U0126, a recently introduced mitogen-activated protein kinase kinase (MAPK)/extracellular signal-regulated kinase kinase inhibitor reversed morphology and inhibited anchorage-independent growth of Ki-ras-transformed rat fibroblasts. Immunoblot analyses with phosphospecific antibodies indicated that in addition to MAPK, U0126 suppressed activation of p70S6K, but not Akt,at concentrations at which it normalized the transformed phenotypes. Another MAPK/extracellular signal-regulated kinase kinase inhibitor,PD98059, showed only marginal effects on p70S6Kphosphorylation and did not effectively block Ki-ras-induced transformation. However, simultaneous inhibition of the MAPK pathway and the p70S6K pathway by PD98059 in conjunction with the p70S6K inhibitor rapamycin essentially restored the normal phenotype. U0126 or the combination of PD98059 and rapamycin flattened morphology of v-src-transformed cells, but did not reverse anchorage independence, although activation of both MAPK and p70S6Kwas blocked. The results suggest that normalization of Ki-ras-induced transformed phenotypes by U0126 is a consequence of concurrent inhibition of the MAPK and p70S6Kpathways. Intervention of other pathway(s) appears to be required to completely antagonize transformation by v-src. Simultaneous blockade of more than one signal transduction pathway by combining selective inhibitors might be effective in suppressing uncontrolled tumorigenic growth.

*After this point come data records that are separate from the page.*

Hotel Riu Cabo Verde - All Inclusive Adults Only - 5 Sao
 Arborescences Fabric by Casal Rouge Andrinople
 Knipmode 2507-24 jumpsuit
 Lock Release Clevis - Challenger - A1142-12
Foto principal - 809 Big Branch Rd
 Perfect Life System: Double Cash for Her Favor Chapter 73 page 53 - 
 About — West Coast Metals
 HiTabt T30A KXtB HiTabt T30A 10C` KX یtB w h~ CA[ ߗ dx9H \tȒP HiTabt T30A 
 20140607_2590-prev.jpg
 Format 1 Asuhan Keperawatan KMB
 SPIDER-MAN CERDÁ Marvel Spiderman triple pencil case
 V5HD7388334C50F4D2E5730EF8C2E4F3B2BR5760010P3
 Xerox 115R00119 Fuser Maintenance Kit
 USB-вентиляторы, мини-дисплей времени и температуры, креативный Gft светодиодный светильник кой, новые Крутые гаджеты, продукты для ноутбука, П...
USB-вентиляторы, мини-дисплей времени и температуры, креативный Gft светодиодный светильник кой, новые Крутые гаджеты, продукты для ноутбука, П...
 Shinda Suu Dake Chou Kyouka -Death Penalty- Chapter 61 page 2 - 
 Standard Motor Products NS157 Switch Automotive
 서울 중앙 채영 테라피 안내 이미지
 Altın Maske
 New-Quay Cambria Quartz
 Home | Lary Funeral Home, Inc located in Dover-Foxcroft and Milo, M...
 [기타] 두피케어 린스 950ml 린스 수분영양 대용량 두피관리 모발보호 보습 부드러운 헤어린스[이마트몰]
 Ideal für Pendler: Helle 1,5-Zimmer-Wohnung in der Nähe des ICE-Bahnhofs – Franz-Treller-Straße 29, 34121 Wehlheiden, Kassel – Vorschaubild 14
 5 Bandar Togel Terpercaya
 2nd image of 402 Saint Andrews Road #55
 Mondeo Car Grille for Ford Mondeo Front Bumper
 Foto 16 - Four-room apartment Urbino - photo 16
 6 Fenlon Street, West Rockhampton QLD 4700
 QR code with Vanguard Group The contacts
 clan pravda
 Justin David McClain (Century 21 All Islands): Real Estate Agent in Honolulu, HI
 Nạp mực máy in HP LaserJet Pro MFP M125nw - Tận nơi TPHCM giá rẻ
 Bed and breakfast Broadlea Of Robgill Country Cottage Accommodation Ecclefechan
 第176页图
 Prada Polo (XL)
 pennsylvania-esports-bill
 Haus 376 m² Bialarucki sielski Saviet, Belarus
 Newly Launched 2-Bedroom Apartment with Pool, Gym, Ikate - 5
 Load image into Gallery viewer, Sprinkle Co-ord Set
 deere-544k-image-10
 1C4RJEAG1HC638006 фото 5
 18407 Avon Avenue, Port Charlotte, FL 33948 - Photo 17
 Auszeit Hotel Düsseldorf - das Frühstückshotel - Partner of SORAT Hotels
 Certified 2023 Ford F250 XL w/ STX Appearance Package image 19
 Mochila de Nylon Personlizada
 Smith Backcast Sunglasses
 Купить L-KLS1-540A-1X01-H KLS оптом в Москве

Much of the current effort in anticancer drug development focuses on signal transduction pathways. The strategy of precisely targeting abnormalities that propel uncontrolled growth is more rational and disease oriented than the traditional cell-killing approach. A potential difficulty in development of target therapies is assessment of their efficacy. Signal transduction inhibitors are inherently cytostatic, and simple cytotoxicity assays may not be relevant. Anchorage-independent growth is the hallmark of uncontrolled tumorigenic proliferation (1, 2). In theory, specific blockade of aberrant signal transduction would normalize the transformed phenotypes and thus render tumor cells anchorage dependent. The cells are expected to lose the ability to proliferate without firm attachment but still to be competent for growth on solid support. We developed a simple, objective, and quantitative method to measure anchorage-independent growth using microtiter plates coated with the antiadhesive polymer polyHEMA3(3, 4). We anticipate the polyHEMA-coated plates will provide a system for evaluating inhibitors of oncogenic signal transduction.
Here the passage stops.